▼
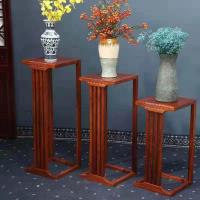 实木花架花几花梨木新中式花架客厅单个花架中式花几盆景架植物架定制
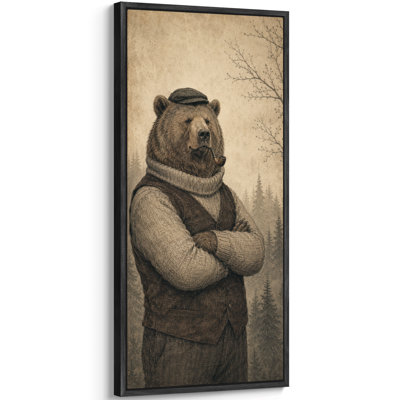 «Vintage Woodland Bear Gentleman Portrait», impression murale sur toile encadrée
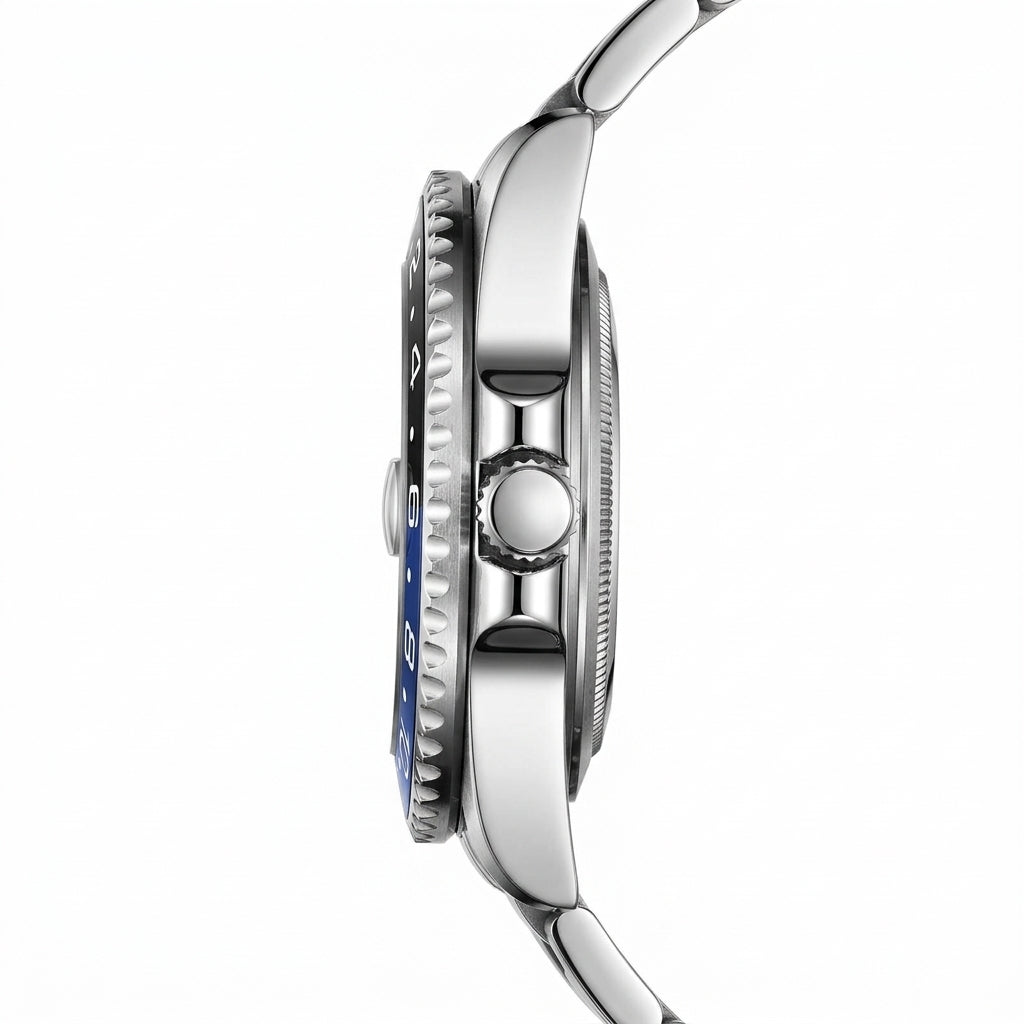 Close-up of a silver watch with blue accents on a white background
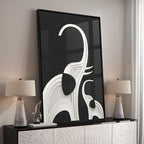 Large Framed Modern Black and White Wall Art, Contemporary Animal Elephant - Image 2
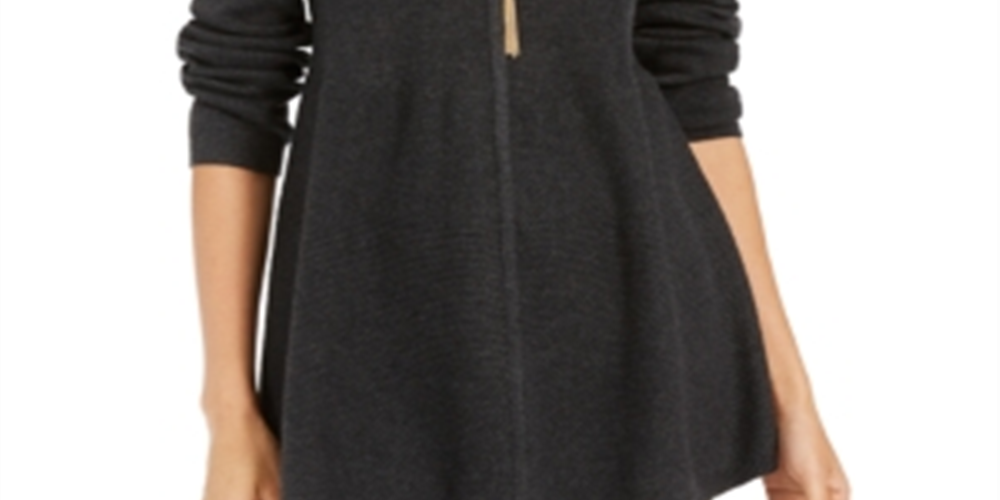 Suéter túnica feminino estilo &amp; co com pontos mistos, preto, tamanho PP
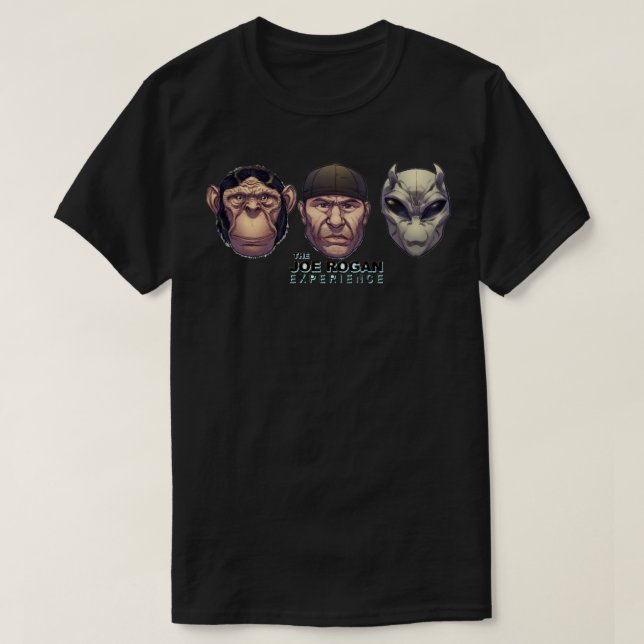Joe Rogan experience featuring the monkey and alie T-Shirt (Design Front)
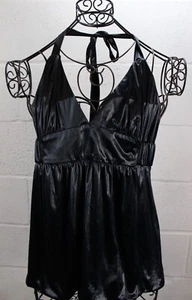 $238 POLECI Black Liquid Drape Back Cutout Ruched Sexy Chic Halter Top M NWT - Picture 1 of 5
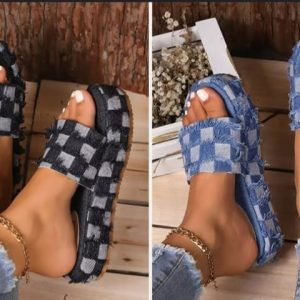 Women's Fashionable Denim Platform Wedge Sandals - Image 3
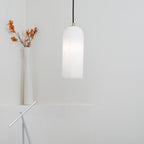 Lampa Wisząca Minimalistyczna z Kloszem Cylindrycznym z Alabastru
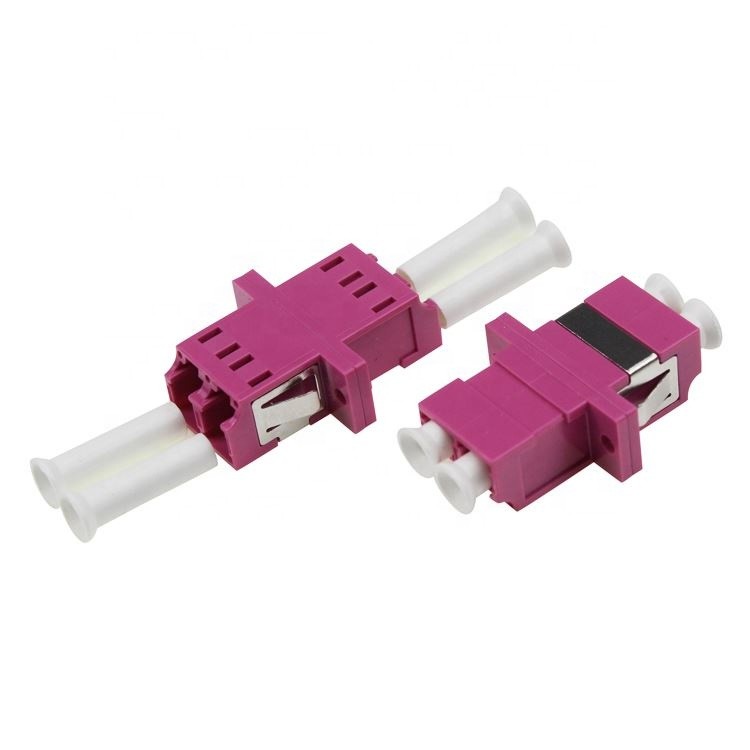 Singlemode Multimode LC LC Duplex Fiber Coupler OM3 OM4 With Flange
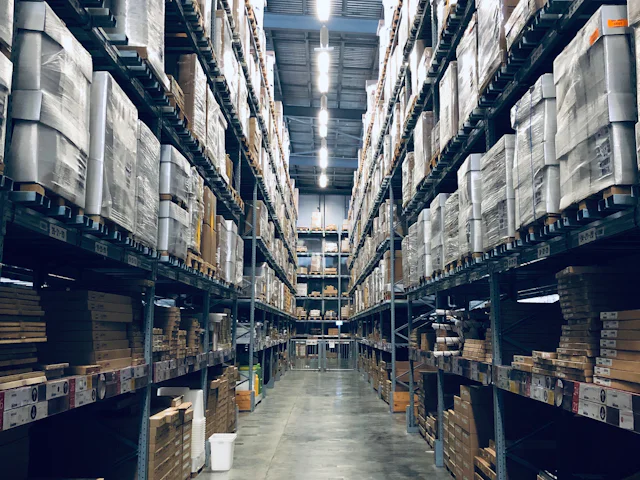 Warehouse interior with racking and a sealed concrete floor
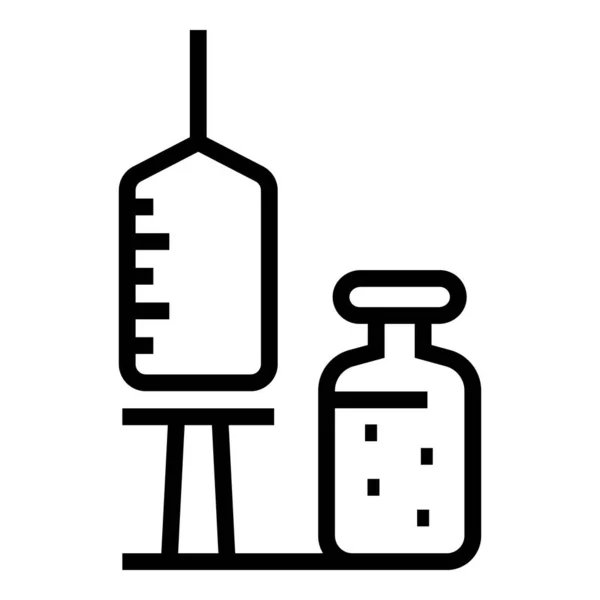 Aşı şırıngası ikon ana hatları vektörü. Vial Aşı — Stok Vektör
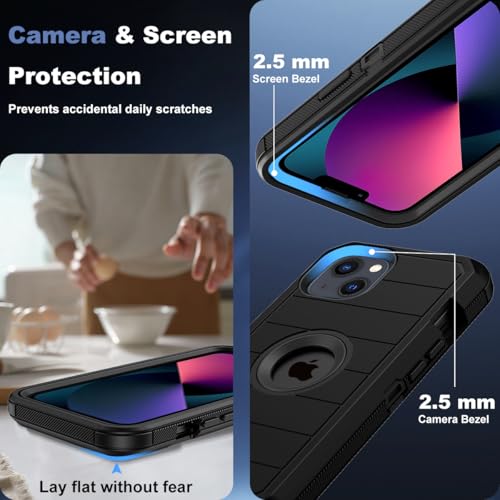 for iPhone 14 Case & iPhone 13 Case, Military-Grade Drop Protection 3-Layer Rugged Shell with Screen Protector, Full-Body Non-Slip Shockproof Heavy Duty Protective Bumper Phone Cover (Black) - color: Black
▲
▼
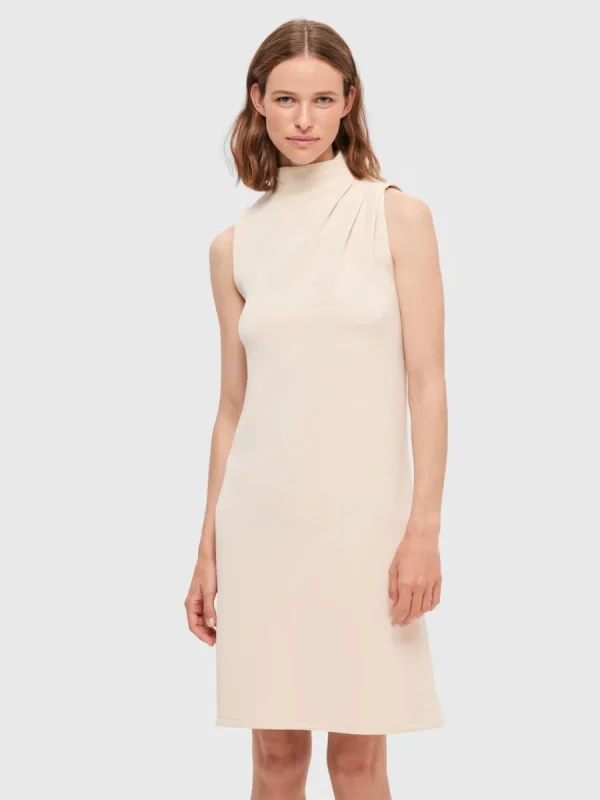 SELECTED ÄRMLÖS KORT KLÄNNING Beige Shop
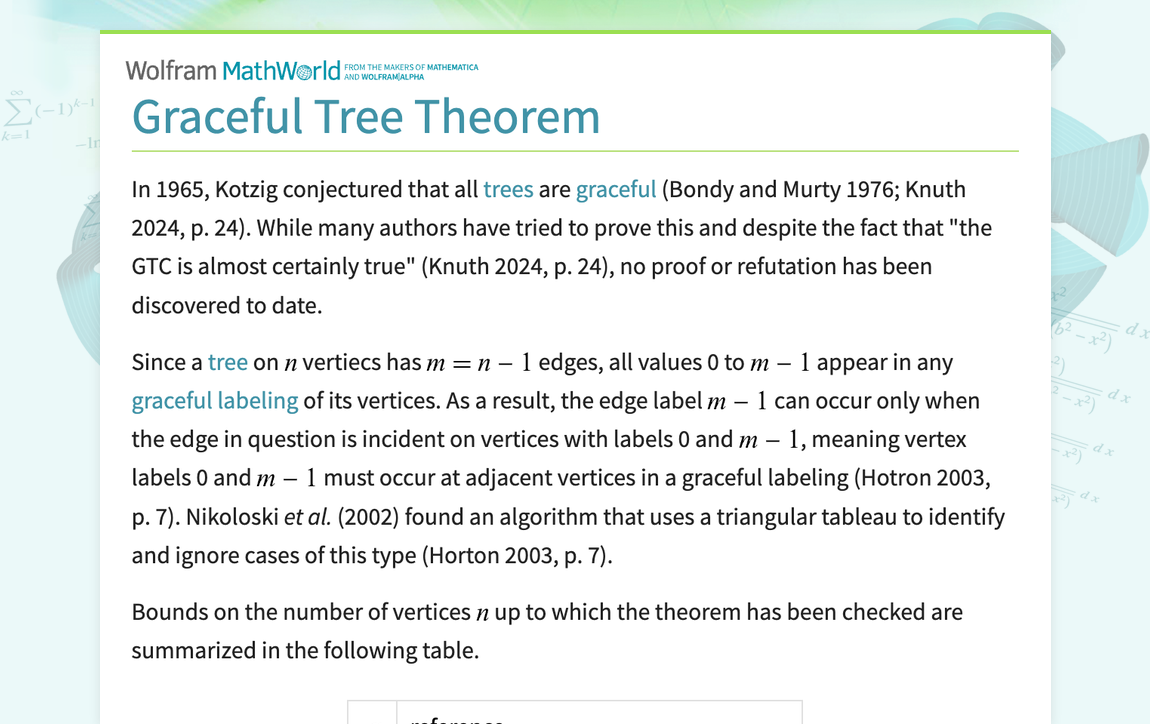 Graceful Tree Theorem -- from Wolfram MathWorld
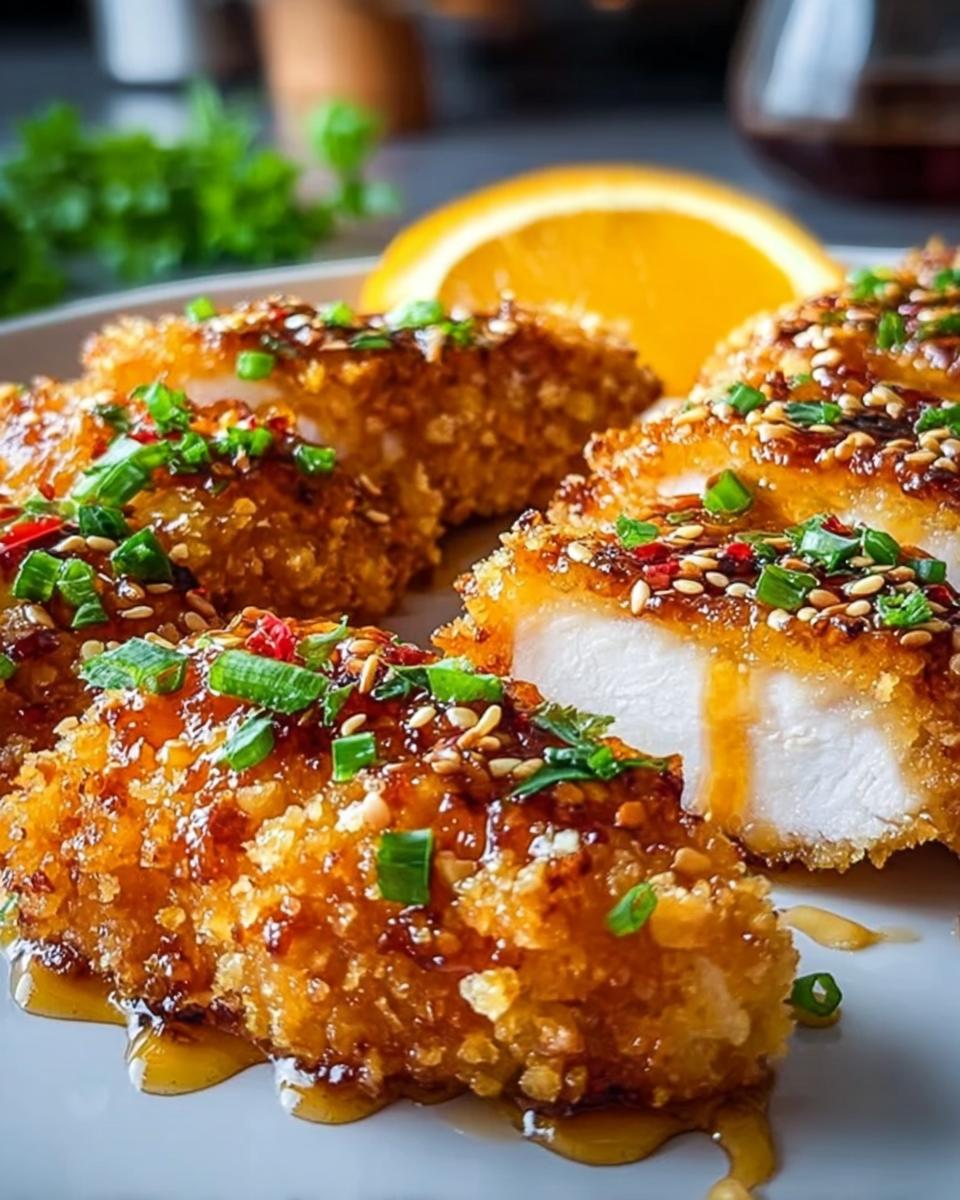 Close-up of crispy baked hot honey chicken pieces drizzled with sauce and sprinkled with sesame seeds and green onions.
▲
▼
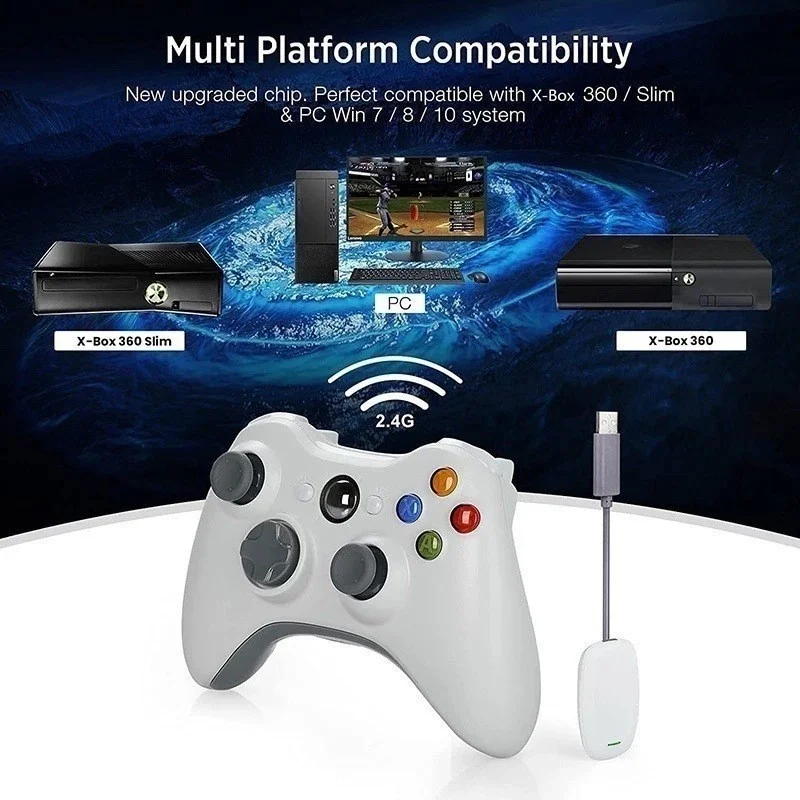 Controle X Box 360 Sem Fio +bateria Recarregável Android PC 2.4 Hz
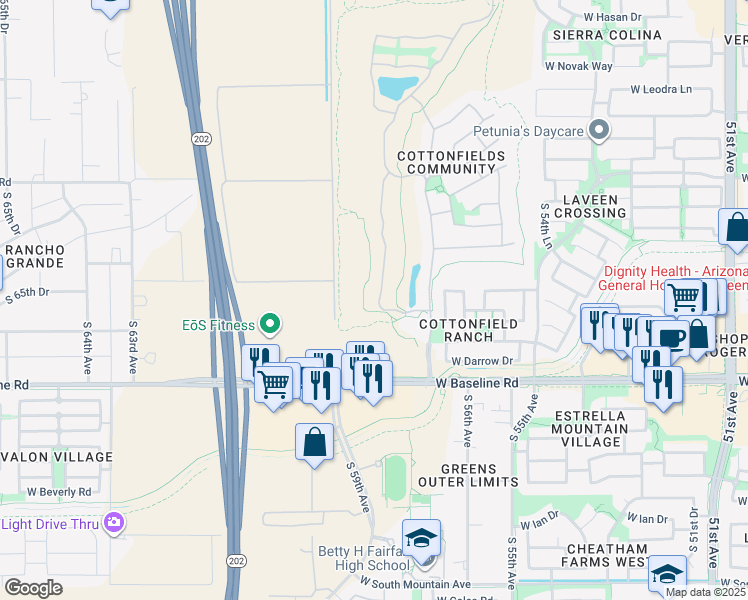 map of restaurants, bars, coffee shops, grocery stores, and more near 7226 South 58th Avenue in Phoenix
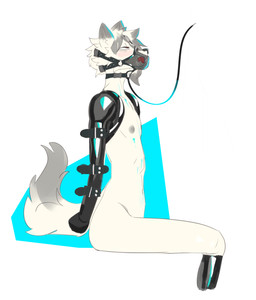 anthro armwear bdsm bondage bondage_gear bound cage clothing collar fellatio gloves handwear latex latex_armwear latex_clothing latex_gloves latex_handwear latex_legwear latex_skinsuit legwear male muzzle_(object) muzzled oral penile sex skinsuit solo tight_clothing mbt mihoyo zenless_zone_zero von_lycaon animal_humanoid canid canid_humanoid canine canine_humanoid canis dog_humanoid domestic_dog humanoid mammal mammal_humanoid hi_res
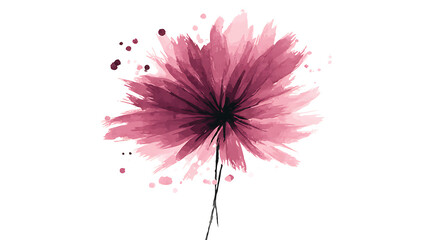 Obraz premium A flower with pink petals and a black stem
▲
What this task involves:
Only one stretch of the listing above is to be duplicated: the lines from the one containing "anthro armwear bdsm" through the one containing "Obraz premium A", both included. Copy them exactly, minus the pictures.

Solution to the exercise:
 anthro armwear bdsm bondage bondage_gear bound cage clothing collar fellatio gloves handwear latex latex_armwear latex_clothing latex_gloves latex_handwear latex_legwear latex_skinsuit legwear male muzzle_(object) muzzled oral penile sex skinsuit solo tight_clothing mbt mihoyo zenless_zone_zero von_lycaon animal_humanoid canid canid_humanoid canine canine_humanoid canis dog_humanoid domestic_dog humanoid mammal mammal_humanoid hi_res
 Obraz premium A flower with pink petals and a black stem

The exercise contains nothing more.